Historically, engineering curricula have been based largely on an "engineering science" model over the last five decades, in which engineering is taught only after a solid basis in science and mathematics. (The "engineering science" model is sometimes unfairly characterised as the "Grinter model," an attribution that ignores many other recommendations in the Grinter report [5], some of which are being independently revived today.) The first two years of the curriculum-which in many respects have changed little since the late 1950s [6]-are devoted primarily to the basic sciences, which served as the foundation for two years of "engineering sciences" or "analysis" where students apply scientific principles to technological problems. The resulting engineering graduates were perceived by industry and academia as being unable to practice in industry because of the change of focus from the practical (including drawing and shop) to the theoretical [7]. What is now routinely identified as the capstone (design) course1 eventually became the standard academic response, with the strong encouragement of the ABET engineering accreditation criteria [7]. The capstone course has evolved over the years from "made up" projects devised by faculty to industry-sponsored projects where companies provide "real" problems, along with expertise and financial support [7, 8].

The infusion of first-year design courses-later dubbed cornerstone (design) courses [9] in the 1990s-was motivated by an awareness of the curricular disconnect with first-year students who often did not see any engineering faculty for most of their first two years of study [10, 11]. During this period first-year project and design courses emerged as a means for students to be exposed to some flavor of what engineers actually do [12-14] while enjoying an experience where they could learn the basic elements of the design process by doing real design projects (e.g., [15, 16]).

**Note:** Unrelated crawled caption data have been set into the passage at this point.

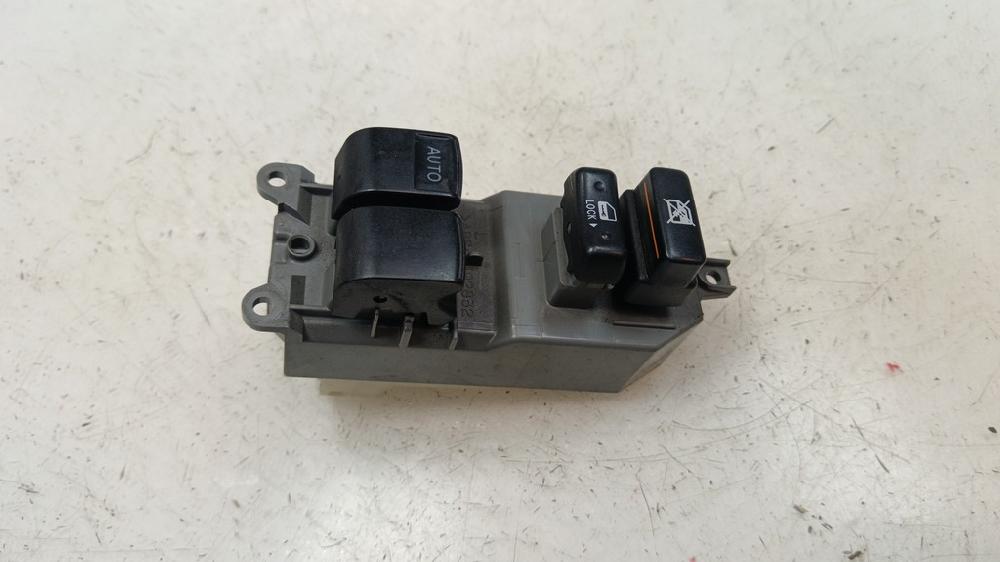 MANDO ELEVALUNAS DELANTERO IZQUIERDO TOYOTA YARIS 1.4 D-4D MMT 89CV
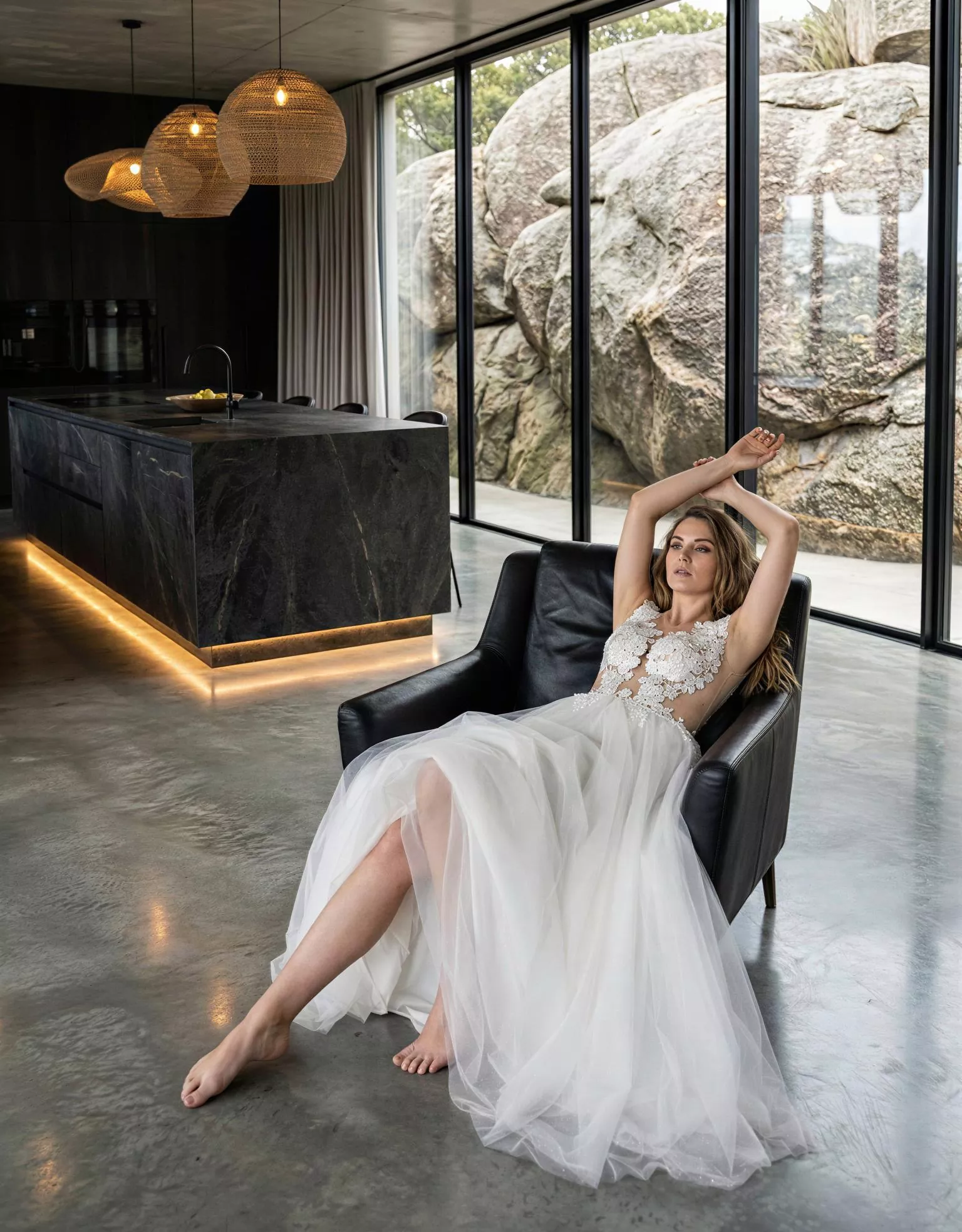 vestido-novia-befia-atelierromance-encaje-escoteenv-espaldaenv-frente-atelierdebodas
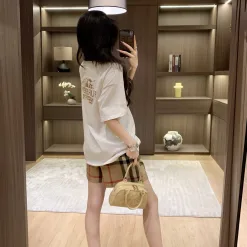 Hochwertiger Burberry-Stil mit kurzen Ärmeln und Stickerei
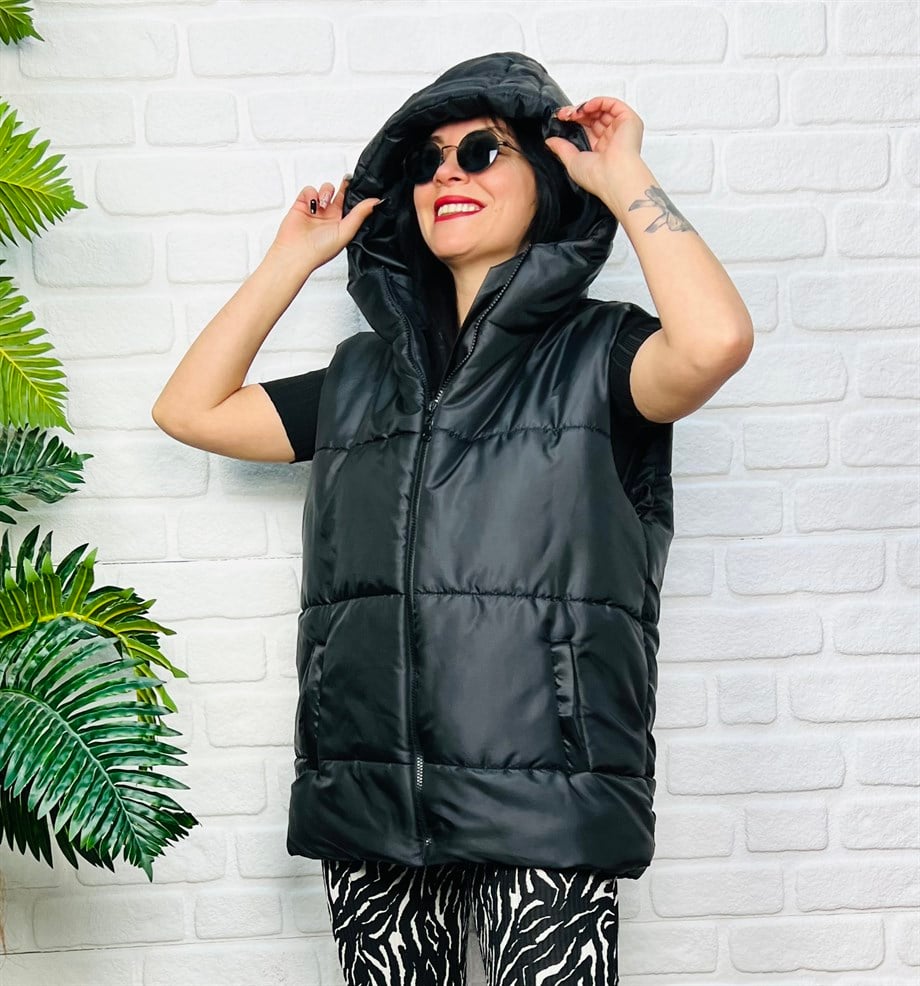 Siyah Kapüşonlu Cepli Oversize Şişme Yelek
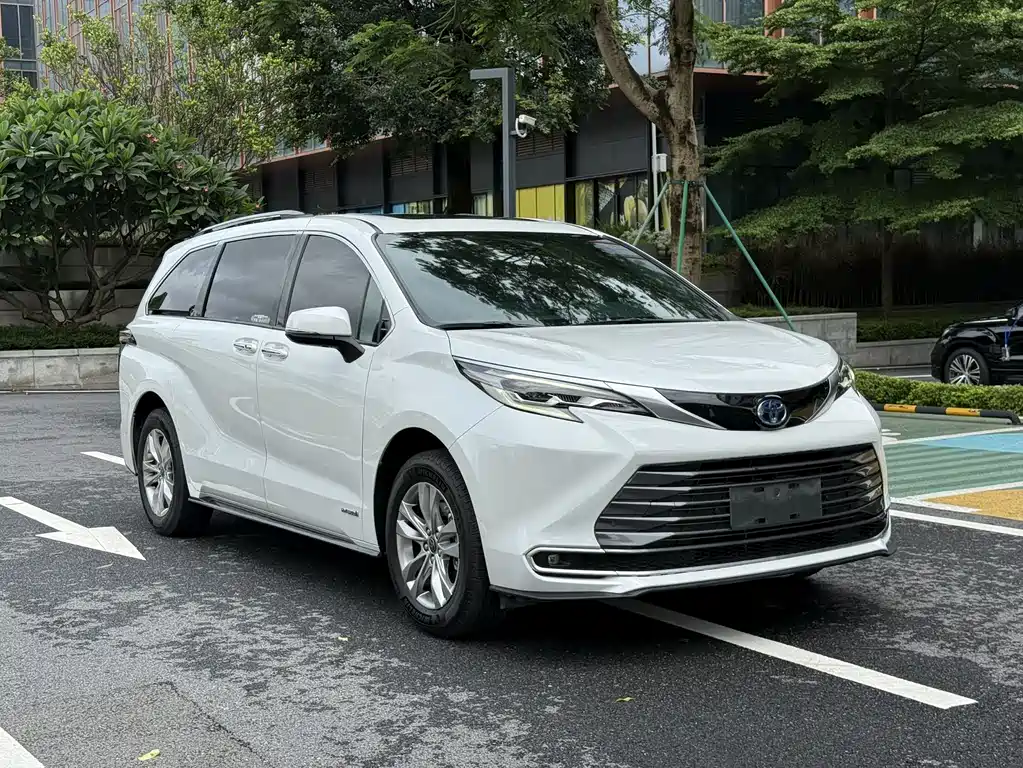 Toyota Sienna 2022 — фото 3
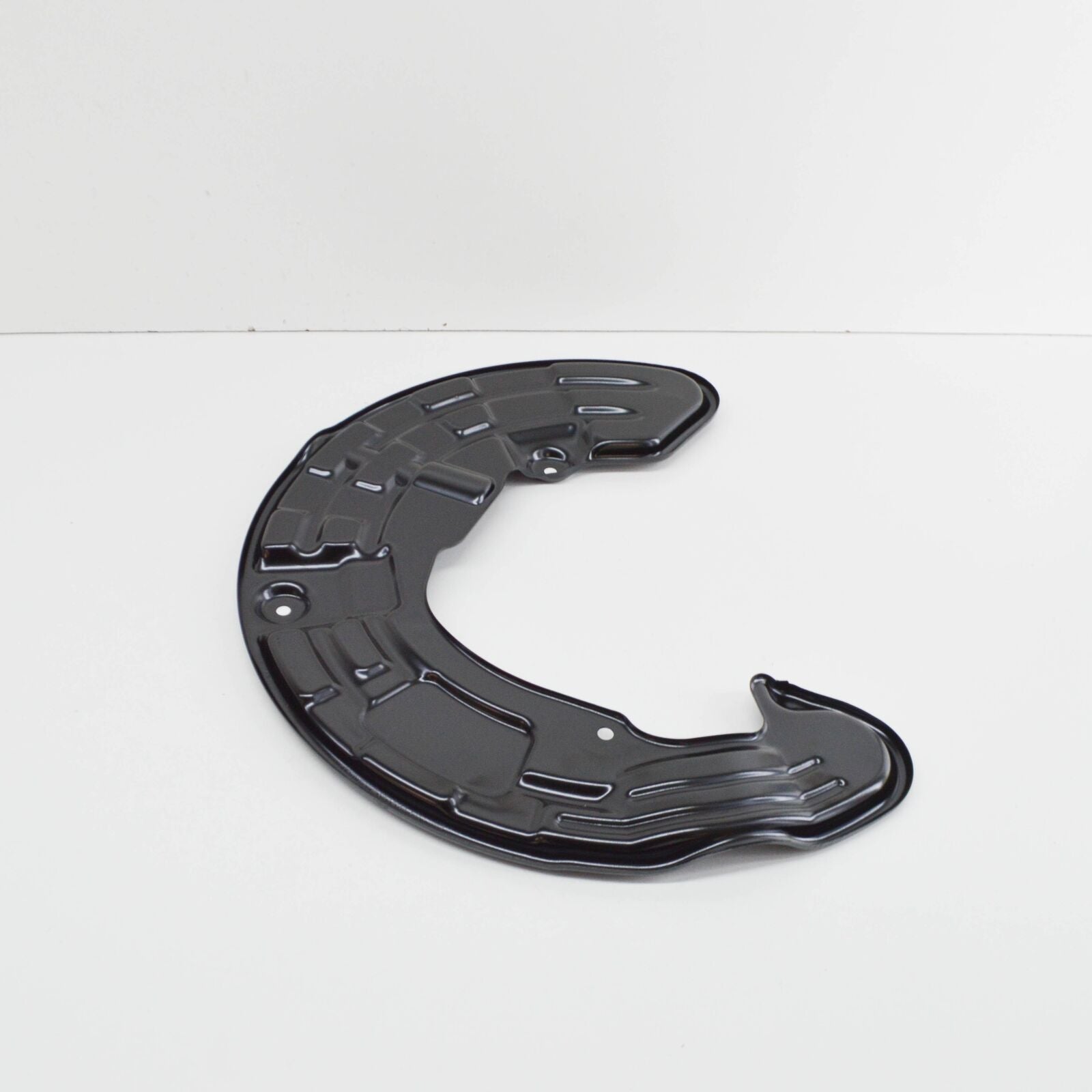 NEW MERCEDES-BENZ A W176 FRONT RIGHT BRAKE DISC DUST SHIELD A1764210620 ORIGINAL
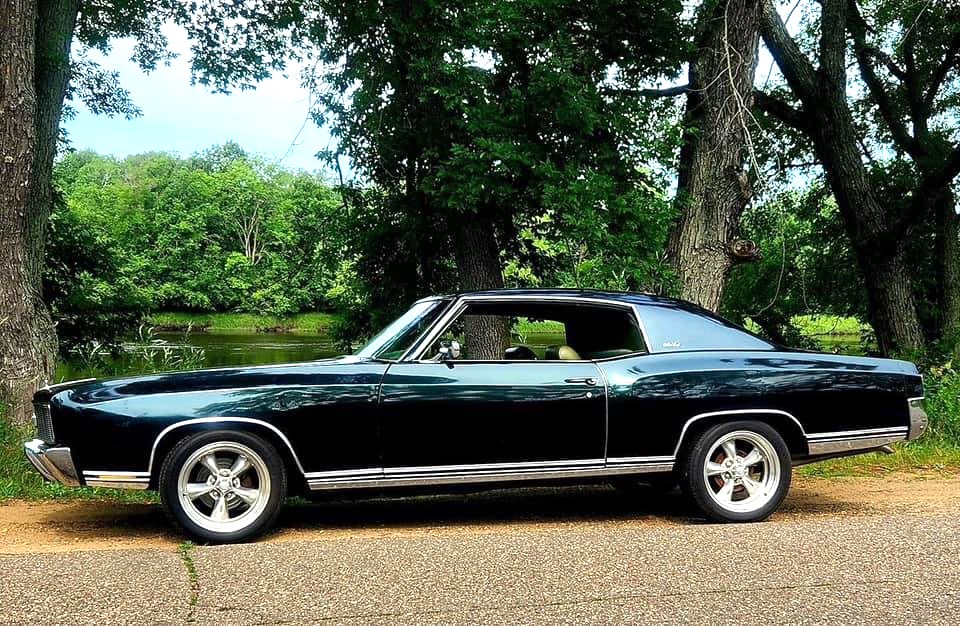 Congratulations to Mike Glomski, whose 1971 Monte Carlo was voted Photo of the Month for November!

Check out Mike's Monte on our website: montecarlocarclub.com

Join us on Facebook and enter your Monte into our December contest on November 25th!
facebook.com/groups/monteca…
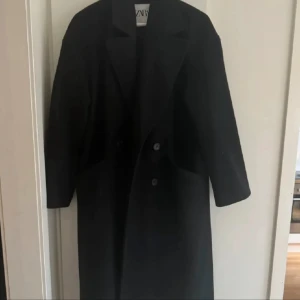 Zara kappa  - Säljer min super snygga kappa från Zara i storlek Xs, lite overzize i stl. Endast använd en gång och köptes förra vintern. Nypris 899kr 💗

Though the presence, role, and perception of design in the engineering curriculum have improved markedly in recent years, both design faculty and design practitioners would argue that further improvements are necessary [4, 17]. There have even been formal proposals for curricular goals and assessment measures for design-based curricula (e.g., MIT's Conccive-Design-Implement- Operate (CDIO) initiative [18]). This argument is driven in part by a widespread feeling that the intellectual content of design is consistently underestimated. Thus, section II provides definitions of both engineering and design to set a context for what follows. It then reviews research on design thinking as it relates to how designers think and learn, which is an important reason that design is difficult to teach. Design thinking reflects the complex processes of inquiry and learning that designers perform in a systems context, making decisions as they proceed, often working collaboratively on teams in a social process, and "speaking" several languages with each other (and to themselves). Assessment data on these characterizations are also discussed, although some of that data derives from studies in contexts other than design.